* [TASK REQUIREMENTS]: What is needed is an exact copy of the lines from the one containing "this 1092×1092 image." through the last line of the records, with no pictures.

INFORMATION GIVEN section start

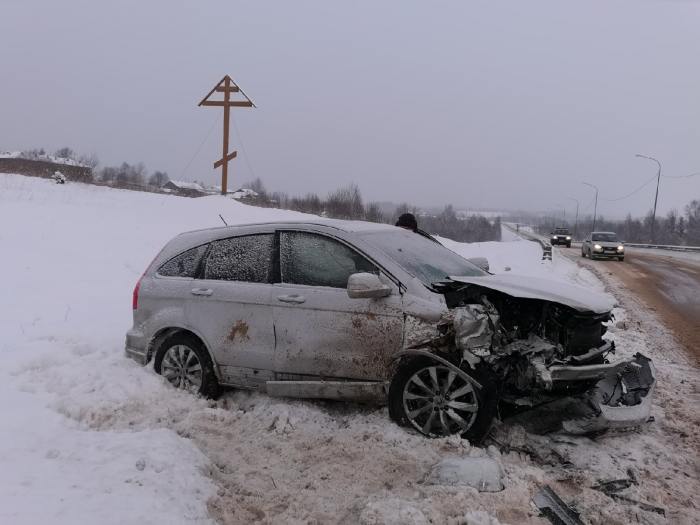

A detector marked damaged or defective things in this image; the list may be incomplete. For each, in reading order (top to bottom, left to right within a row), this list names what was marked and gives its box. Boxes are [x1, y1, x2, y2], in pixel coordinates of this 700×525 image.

wrecked silver suv [126, 220, 656, 442]
crumpled front end [438, 298, 656, 434]
damaged bumper [556, 352, 656, 434]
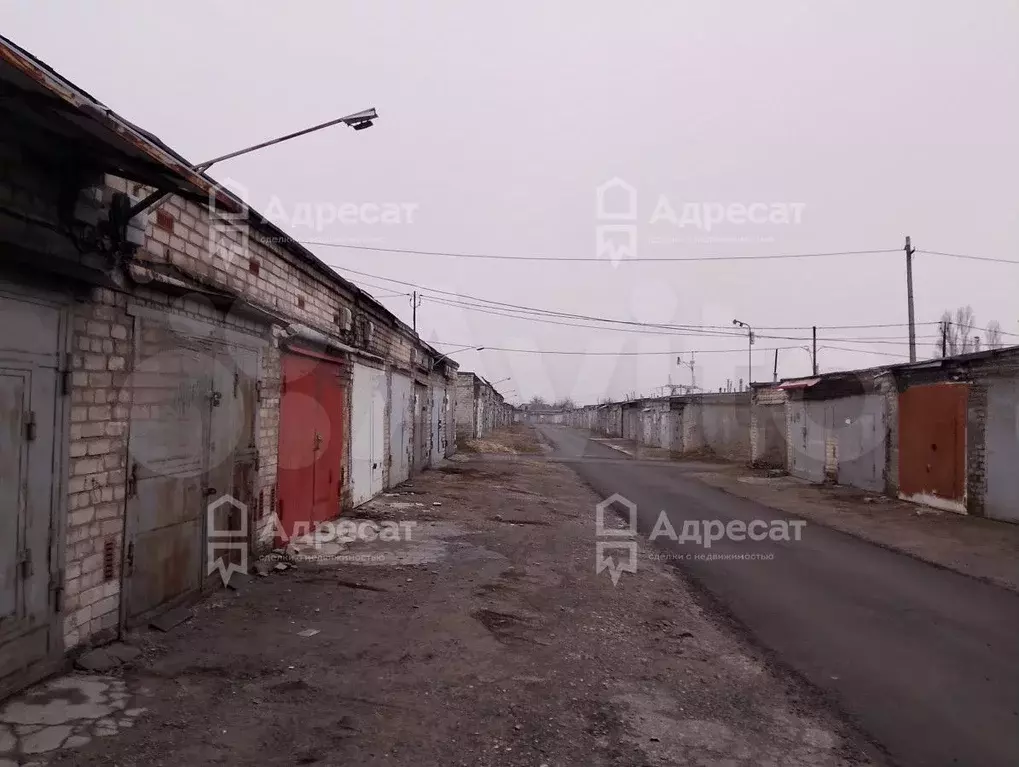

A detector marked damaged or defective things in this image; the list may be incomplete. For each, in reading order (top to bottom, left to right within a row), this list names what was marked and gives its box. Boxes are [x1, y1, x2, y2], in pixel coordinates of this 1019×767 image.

rusty roof edge [0, 38, 442, 364]
rusty metal garage door [0, 285, 65, 696]
rusty metal garage door [122, 307, 258, 623]
rusty metal garage door [896, 380, 966, 509]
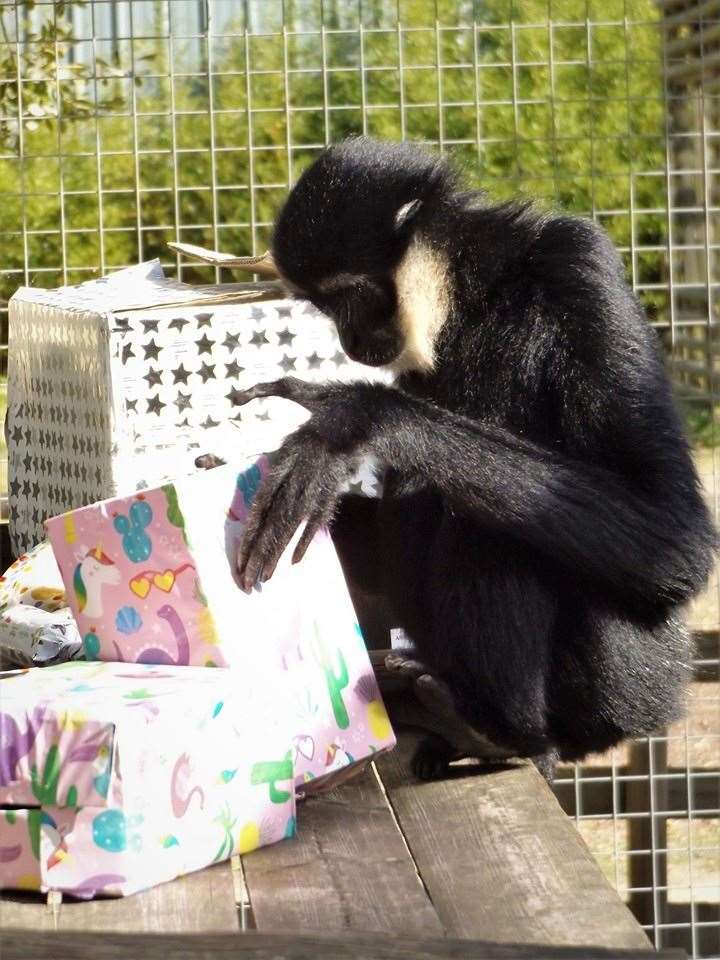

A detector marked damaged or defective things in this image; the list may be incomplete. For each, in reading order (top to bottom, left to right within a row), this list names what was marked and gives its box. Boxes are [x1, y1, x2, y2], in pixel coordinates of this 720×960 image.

torn wrapping paper [7, 258, 388, 552]
torn wrapping paper [1, 540, 82, 668]
torn wrapping paper [45, 462, 394, 792]
torn wrapping paper [0, 664, 296, 896]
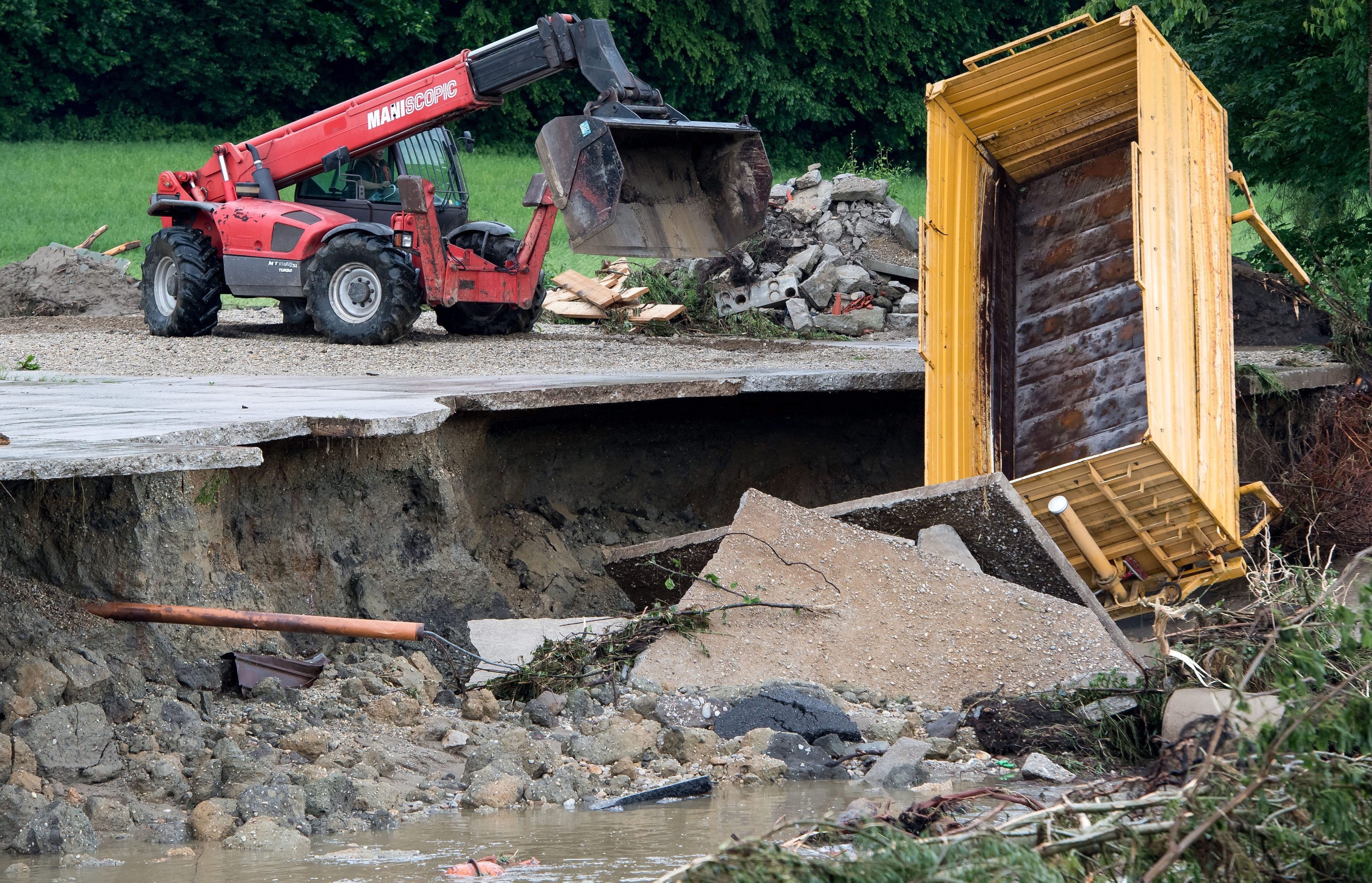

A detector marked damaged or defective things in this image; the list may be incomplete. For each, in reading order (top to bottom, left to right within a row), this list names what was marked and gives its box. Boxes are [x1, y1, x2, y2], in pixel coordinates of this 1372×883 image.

broken concrete block [823, 173, 889, 201]
broken concrete block [889, 204, 922, 252]
broken concrete block [790, 245, 818, 275]
broken concrete block [713, 275, 801, 321]
broken concrete block [806, 309, 883, 339]
rusty metal surface [1010, 146, 1147, 480]
broken concrete block [916, 523, 982, 573]
rusty metal surface [228, 652, 332, 694]
broken concrete block [466, 617, 628, 685]
broken concrete block [1163, 685, 1279, 740]
broken concrete block [1020, 746, 1070, 784]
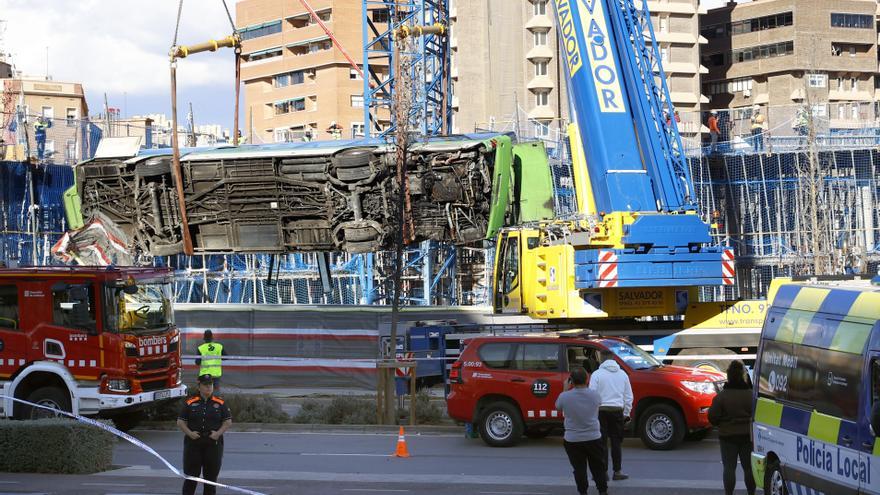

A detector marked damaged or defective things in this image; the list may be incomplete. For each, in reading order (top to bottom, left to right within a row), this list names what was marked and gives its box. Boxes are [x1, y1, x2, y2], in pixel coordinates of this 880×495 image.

damaged undercarriage [73, 136, 512, 256]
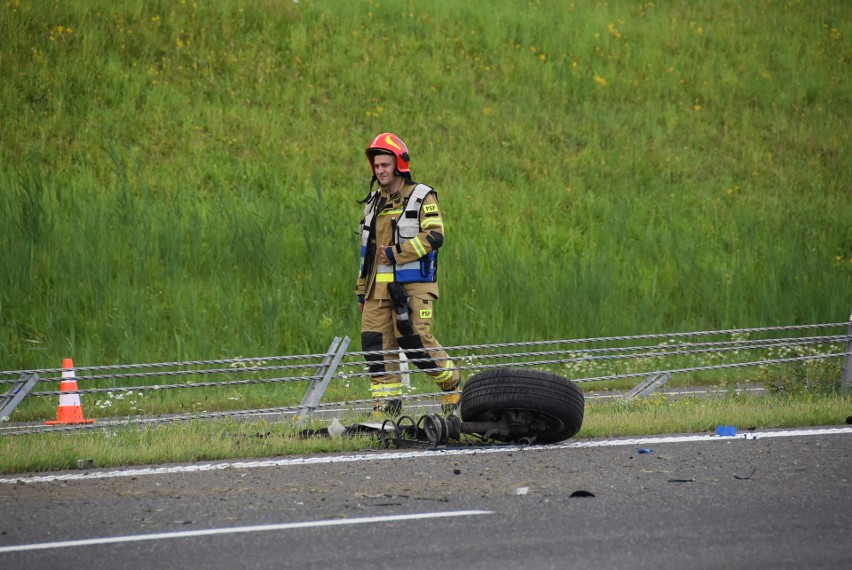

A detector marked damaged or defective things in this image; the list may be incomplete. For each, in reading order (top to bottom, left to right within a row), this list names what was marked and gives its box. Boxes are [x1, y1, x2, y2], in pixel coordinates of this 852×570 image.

bent barrier rail [1, 318, 852, 432]
detached car tire [460, 366, 584, 442]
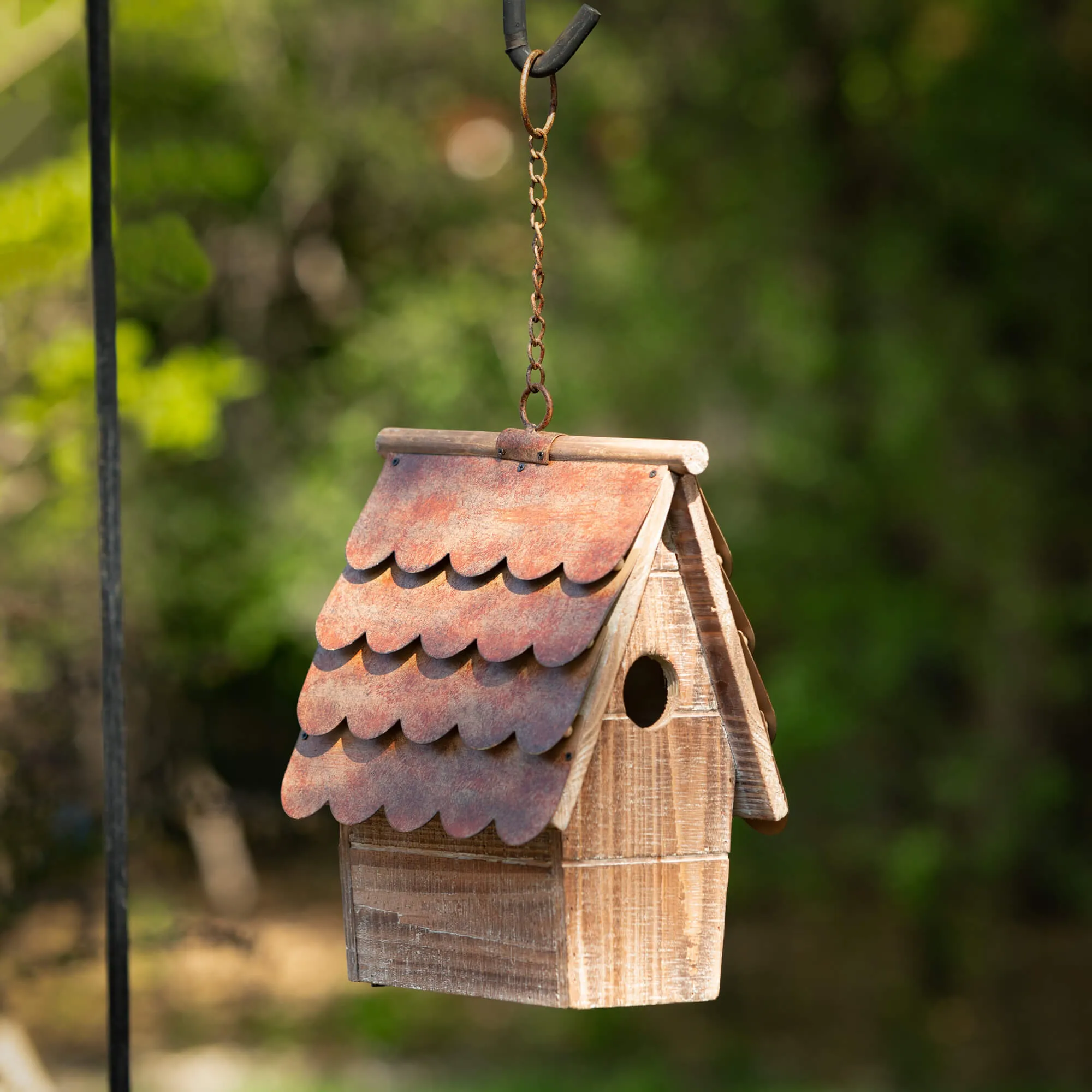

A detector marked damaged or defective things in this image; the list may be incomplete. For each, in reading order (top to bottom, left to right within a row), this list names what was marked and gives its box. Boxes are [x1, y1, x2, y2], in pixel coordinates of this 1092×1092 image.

rusty chain [518, 49, 555, 430]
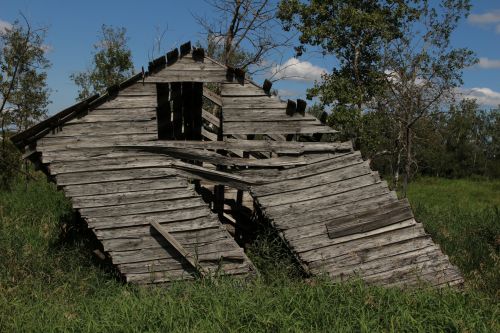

INFORMATION GIVEN section end

* [ANSWER BOX]:
A detector marked damaged or defective things in this image; the list may be incomplete. For each, in reading order (top to bottom, left to right within a row), this list names what was marked and gives its box. Boxes are [x1, y1, x2, y2], in pixel coordinates of this 1092×1092 image.

rusty chain [518, 49, 555, 430]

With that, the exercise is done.